Pemutaran film dan diskusi tersebut dihadiri sekitar 100 mahasiswa. Topik diskusi yang berjudul ‘berat’ itu, diakui penyelenggara, karena dipicu oleh ketertarikan mereka pada MFI yang mempersoalkan UU no. 8 tahun 92, lalu ketidaksetujuan MFI pada BP2N baru serta lembaga film pemerintah lainnya. Sementara di saat yang sama, juga sedang diramu UU Kedokteran yang baru.

Alex Sihar dan Prima Rusdi menyiapkan materi sederhana berupa 8 lembar slide power point yang memaparkan status UU no. 8 tahun 92, implikasi dari UU ini, mengapa kita harus menolaknya, juga mengapa kita menolak bergabung dengan lembaga/organisasi film yang sudah ada, siapa MFI, mengapa MFI harus ada dan harus bertindak saat ini juga, dan dilanjutkan dengan pemaparan sejumlah fakta yang mengimplikasikan adanya ‘pelanggaran’ hak penonton/masyarakat yang selama ini terabaikan, seperti soal kurangnya fasilitas pendidikan film, ruang putar/bioskop serta soal kondisi arsip film kita saat ini.

Diskusi berlangsung dengan efektif dan cukup fokus. Di akhir diskusi salah seorang peserta bertanya, “Jadi, apa yang bisa kami bantu untuk film Indonesia?”

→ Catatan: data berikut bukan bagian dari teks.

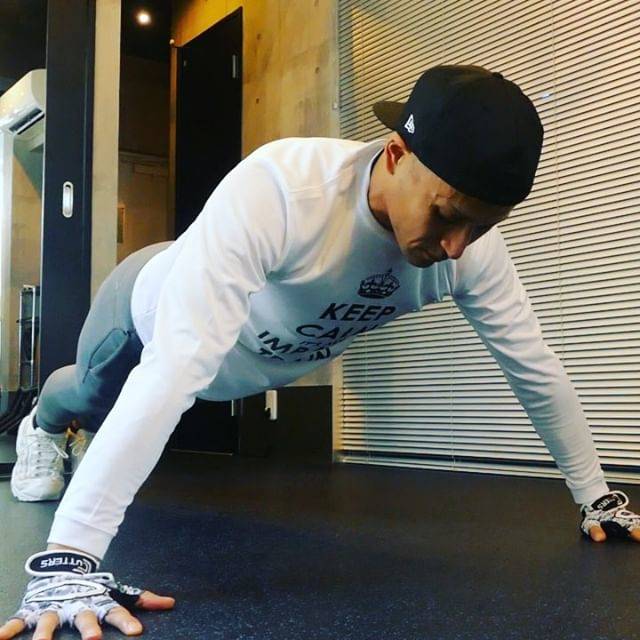 ボディメイク ジム IMPACT PERFORMANCE on Instagram: “【プッシュアップ（ワイド）】 肩幅より拳1〜2個分ほど開いたところに手を置きプッシュアップをする事でより胸を意識して鍛える事が出来ます?バストアップ、ラインの見える胸を作るには欠かせません?️‍♀️✨ #impactperformance  #パーソナルトレーニング…” (68132)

Pertanyaan ini menghadirkan jeda agak panjang, karena baik Prima, Alex, bahkan Lukman Sardi sempat terkejut dan tak bisa langsung menjawab. Lukman akhirnya mencairkan suasana dengan mengajak mahasiswa terus menonton film Indonesia, Alex dan Prima memperlihatkan slide terakhir yang bertuliskan alamat website serta e-mail MFI.

Biro Film Fakultas Kedokteran UI memiliki anggota aktif dari setiap angkatan, dan telah didirikan sejak tahun 70’an.

Pada hari yang sama juga berlangsung diskusi di Jogjakarta menghadirkan Tito Imanda dan Budi Irawanto selaku pembicara/wakil MFI.